TO DO
Copy word for word, please, the lines of the entries below running from the one containing "Dragnea egy korábbi" to the one containing "6 Executive Court Property Photo 16", both ends included.

ENTRIES SHOWN
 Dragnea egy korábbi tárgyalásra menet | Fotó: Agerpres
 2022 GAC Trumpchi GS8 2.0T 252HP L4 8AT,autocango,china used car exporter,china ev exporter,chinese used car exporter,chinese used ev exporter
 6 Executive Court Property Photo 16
...
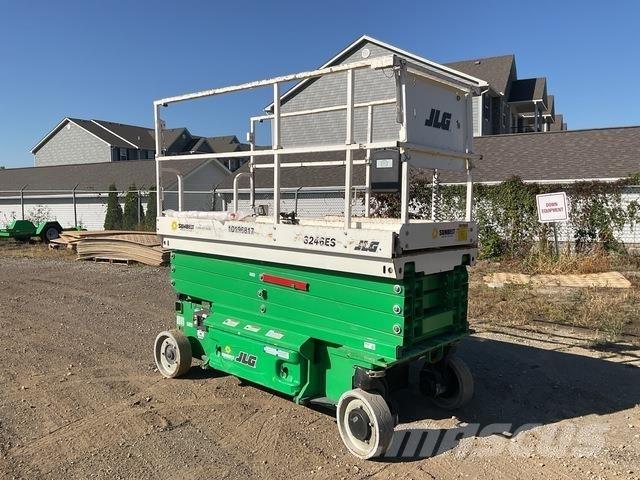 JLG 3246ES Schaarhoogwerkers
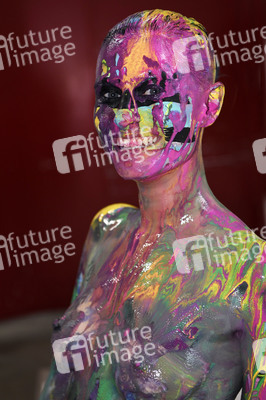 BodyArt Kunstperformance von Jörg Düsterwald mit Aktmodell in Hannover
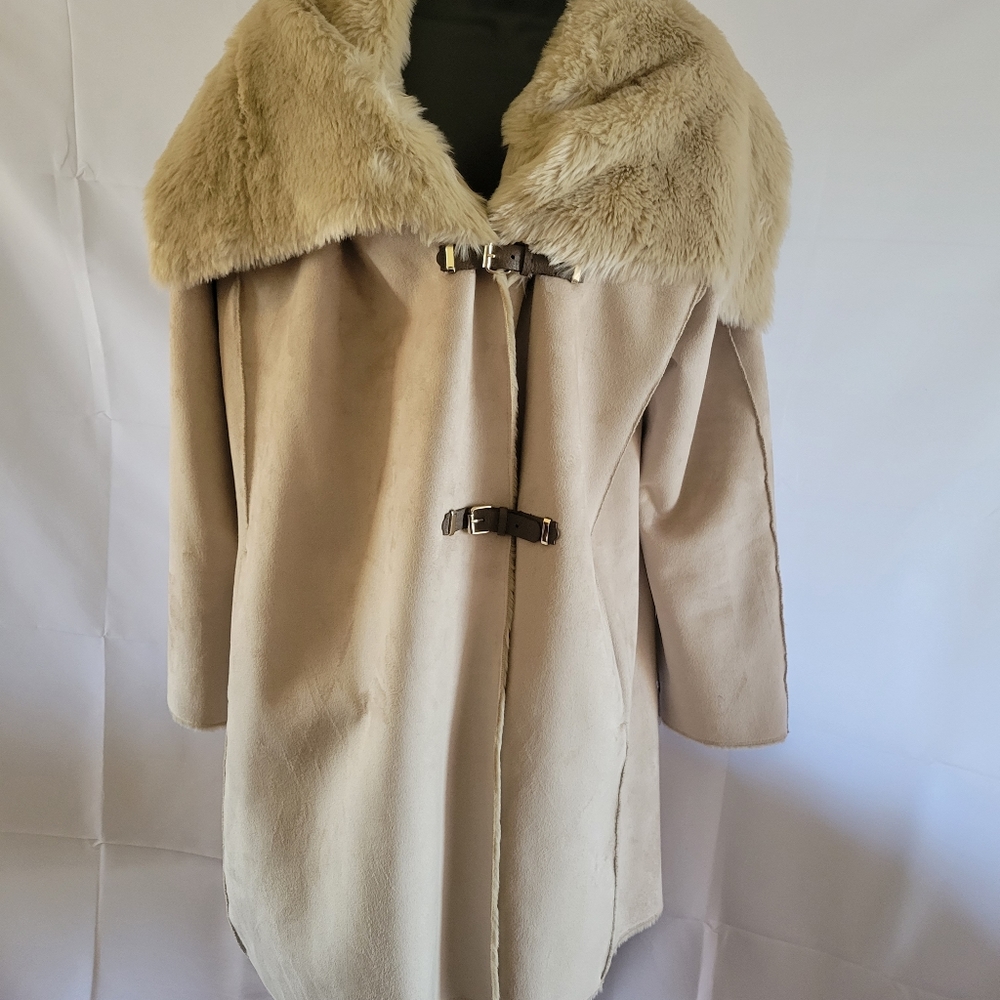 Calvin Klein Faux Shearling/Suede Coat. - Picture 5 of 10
--
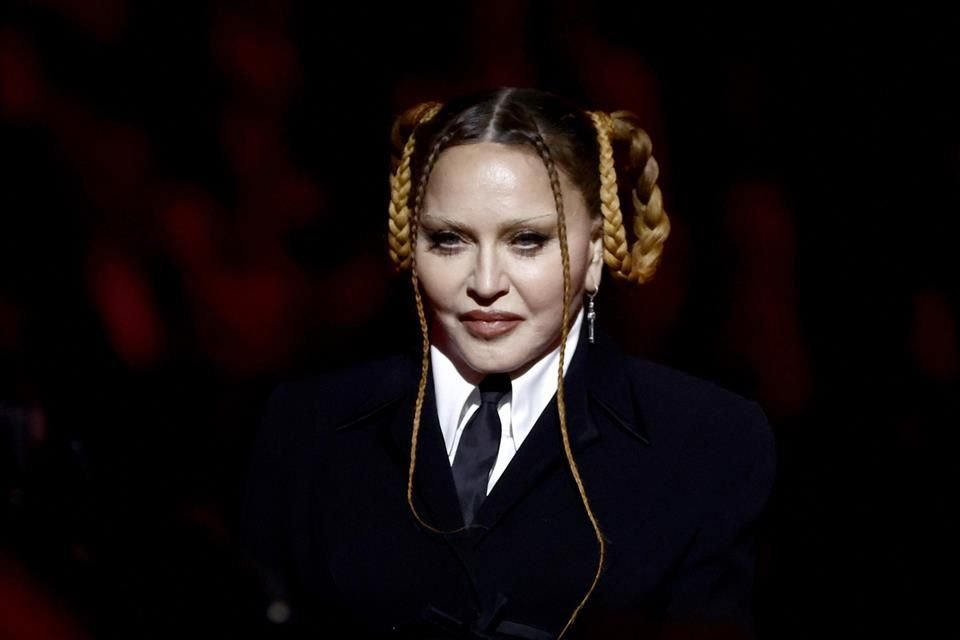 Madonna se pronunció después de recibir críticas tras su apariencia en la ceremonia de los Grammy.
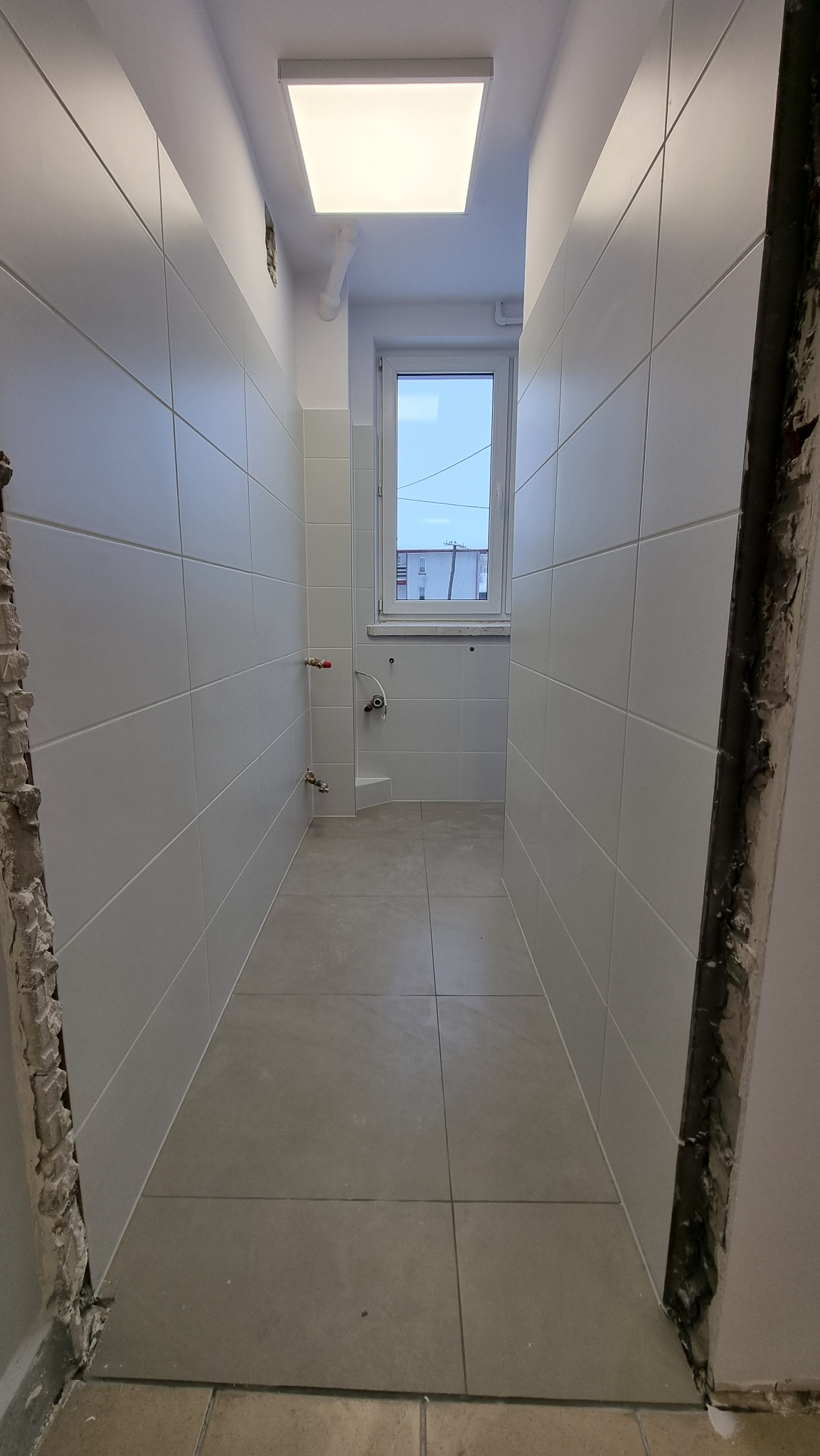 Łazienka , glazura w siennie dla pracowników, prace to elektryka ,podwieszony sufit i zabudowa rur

EXERCISE ANSWER
 Dragnea egy korábbi tárgyalásra menet | Fotó: Agerpres
 2022 GAC Trumpchi GS8 2.0T 252HP L4 8AT,autocango,china used car exporter,china ev exporter,chinese used car exporter,chinese used ev exporter
 6 Executive Court Property Photo 16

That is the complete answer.